# [Task statement]
Write out every line below again exactly as it stands, skipping each image.

◇ ◇ ◇ ◇ ◇ ◇ ◇

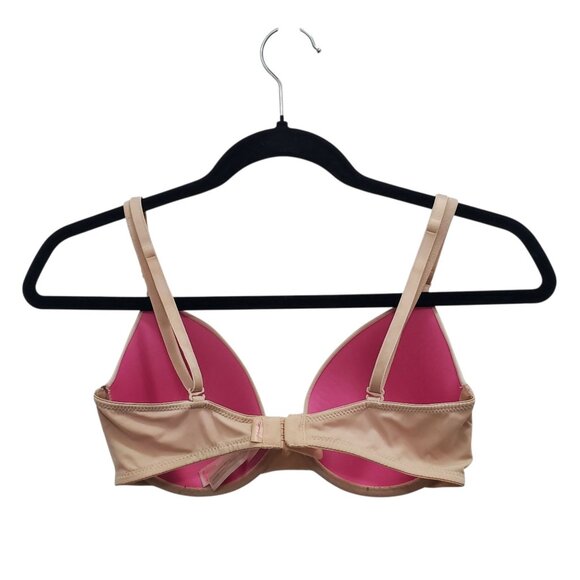 PINK Victoria's Secret Wear Everywhere T-Shirt Lightly Lined Nude Underwire 32D - Picture 6 of 6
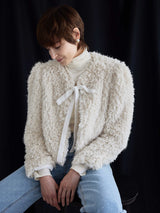 VELOUR RIBBON FUR LIGHT COAT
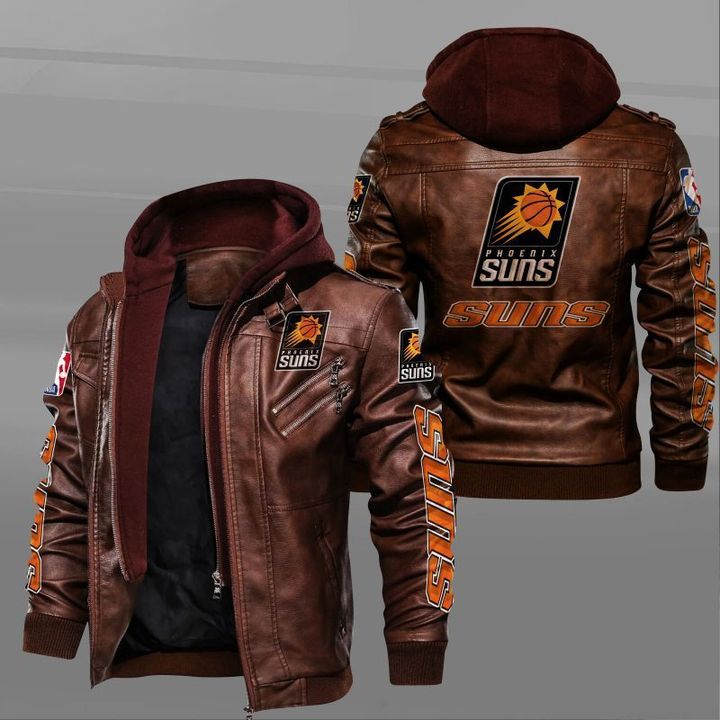 Phoenix Suns Leather Jacket - HVsun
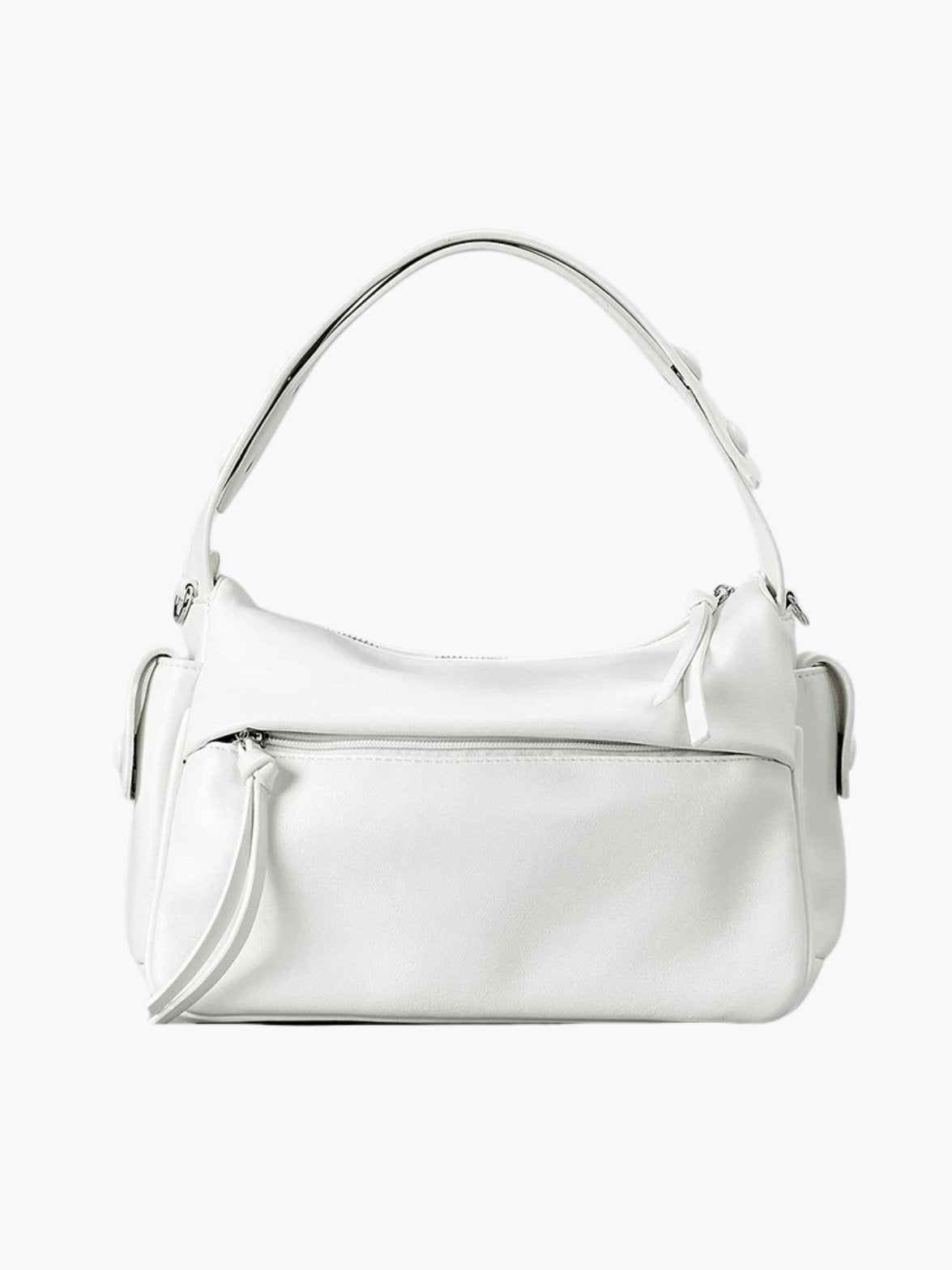 Sac cuir détail poches aurore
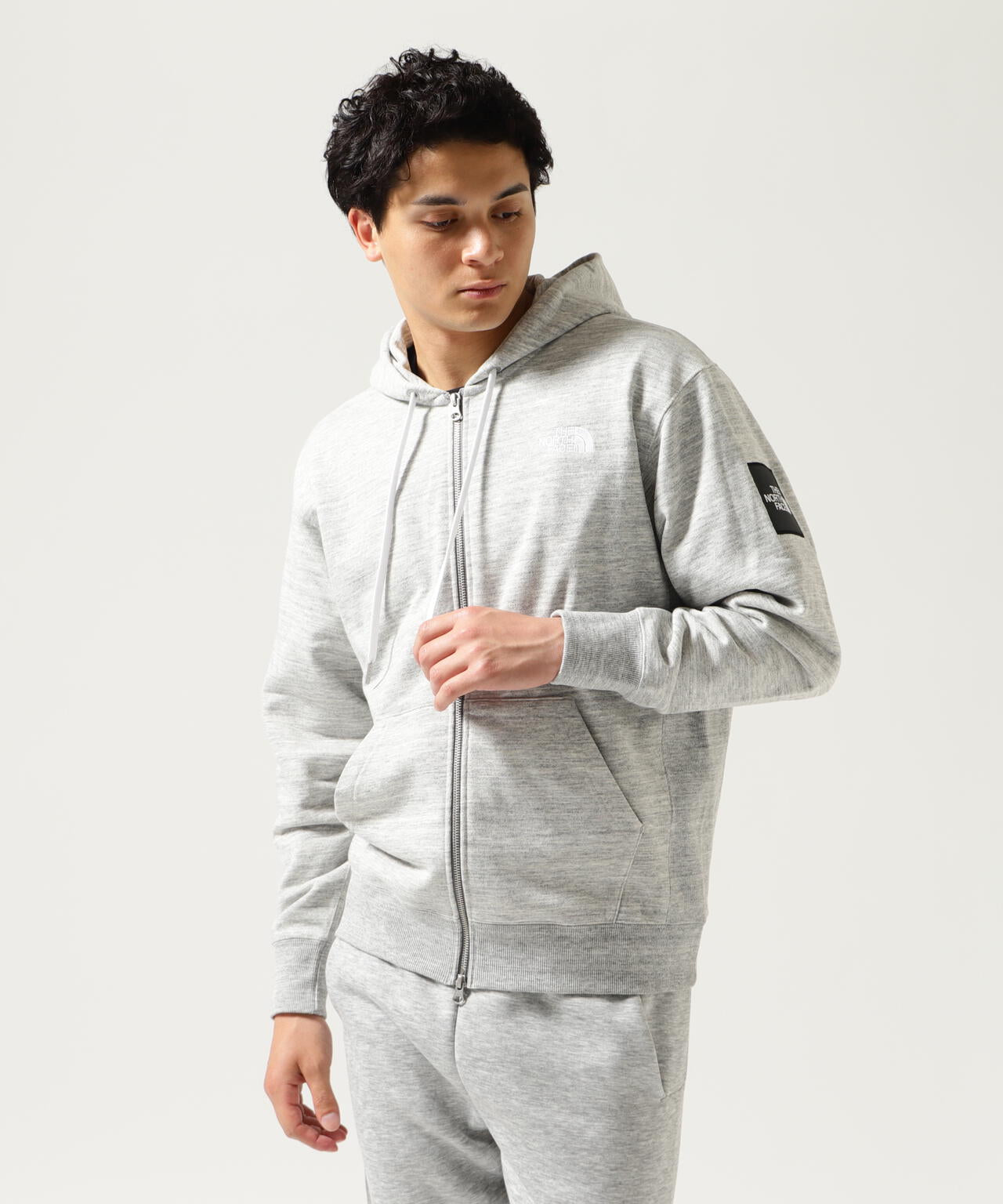 THE NORTH FACE (ザ・ノース・フェイス)スクエアロゴフルジップ NT12335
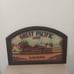 Rare Great Pacific 1850 Railways Wood Carving and Painting 3D Train Wall Hanging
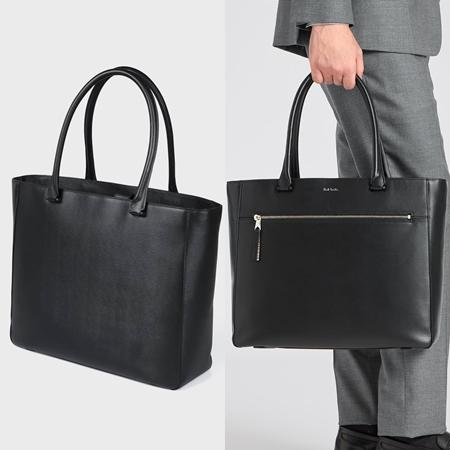 ポール・スミス Paul Smith トートバッグ ストローグレインレザー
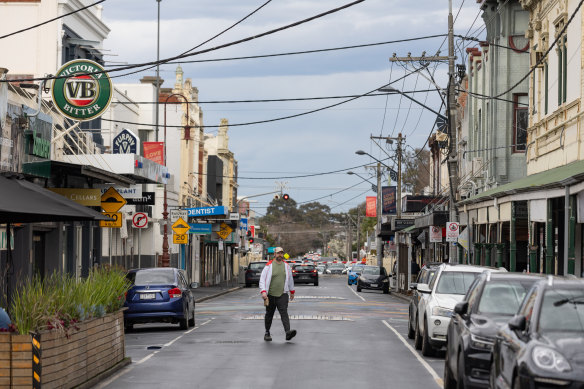 Anderson Street in Yarraville.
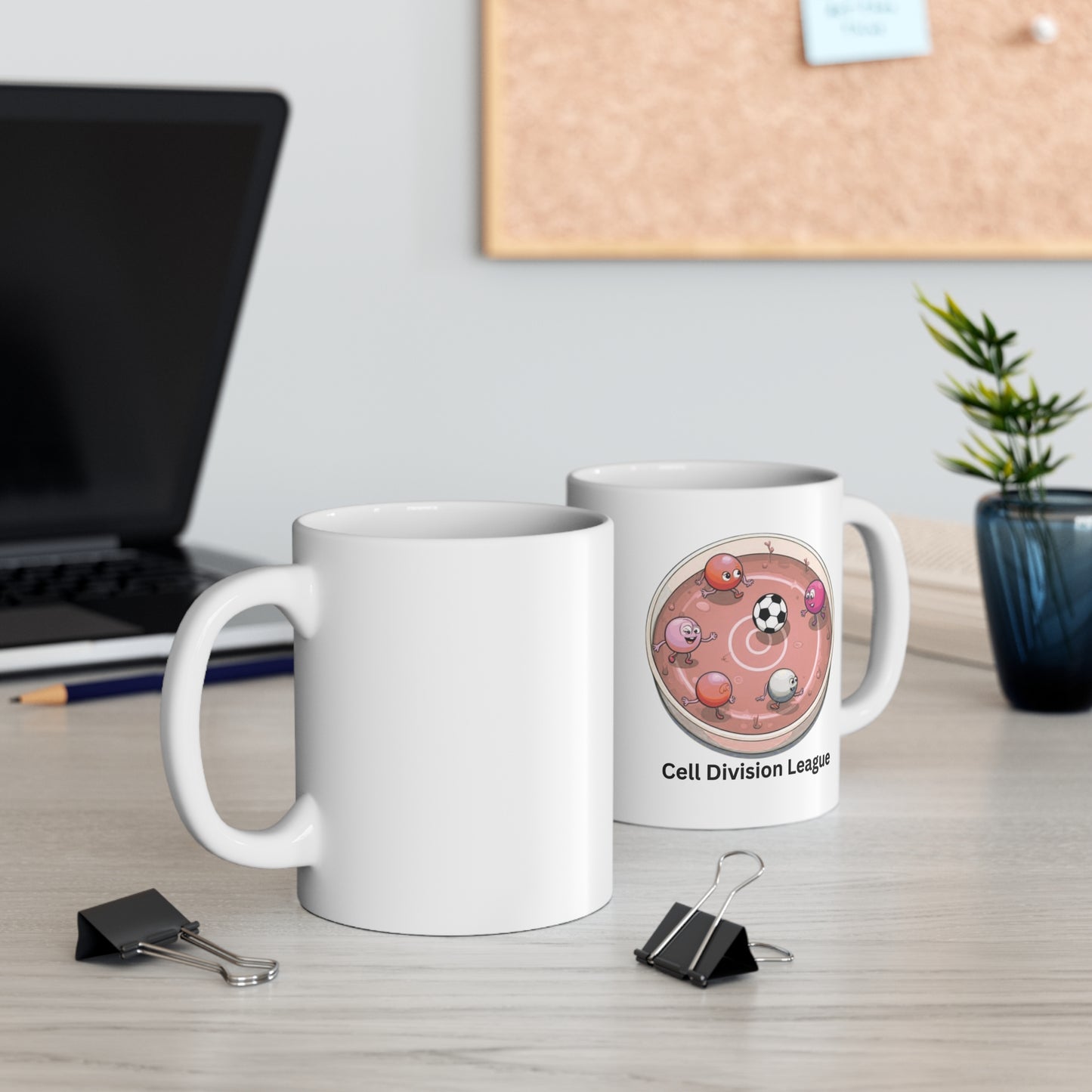 Cell Division League Mug – Biology Soccer Petri Dish
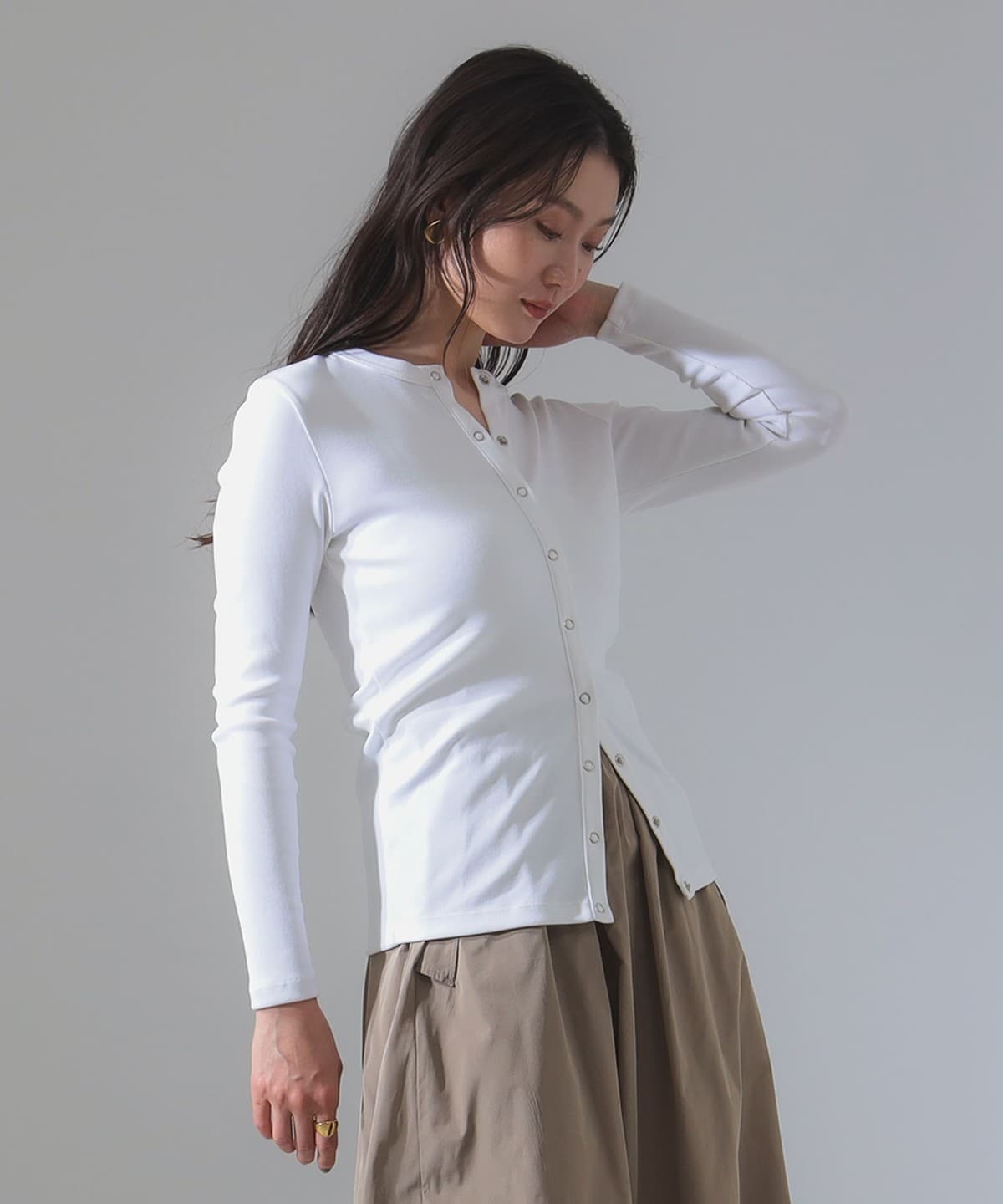 BATONER バトナー / オーガニックコットン プチ カーディガン トップス WOMEN WHITE 1 BATONER バトナー / オーガニックコットン プチ カーディガン トップス WOMEN WHITE 1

◇ ◇ ◇ ◇ ◇ ◇ ◇

# [Your solution]
 PINK Victoria's Secret Wear Everywhere T-Shirt Lightly Lined Nude Underwire 32D - Picture 6 of 6
 VELOUR RIBBON FUR LIGHT COAT
 Phoenix Suns Leather Jacket - HVsun
 Sac cuir détail poches aurore
 THE NORTH FACE (ザ・ノース・フェイス)スクエアロゴフルジップ NT12335
 Rare Great Pacific 1850 Railways Wood Carving and Painting 3D Train Wall Hanging
 ポール・スミス Paul Smith トートバッグ ストローグレインレザー
 Anderson Street in Yarraville.
 Cell Division League Mug – Biology Soccer Petri Dish
 BATONER バトナー / オーガニックコットン プチ カーディガン トップス WOMEN WHITE 1 BATONER バトナー / オーガニックコットン プチ カーディガン トップス WOMEN WHITE 1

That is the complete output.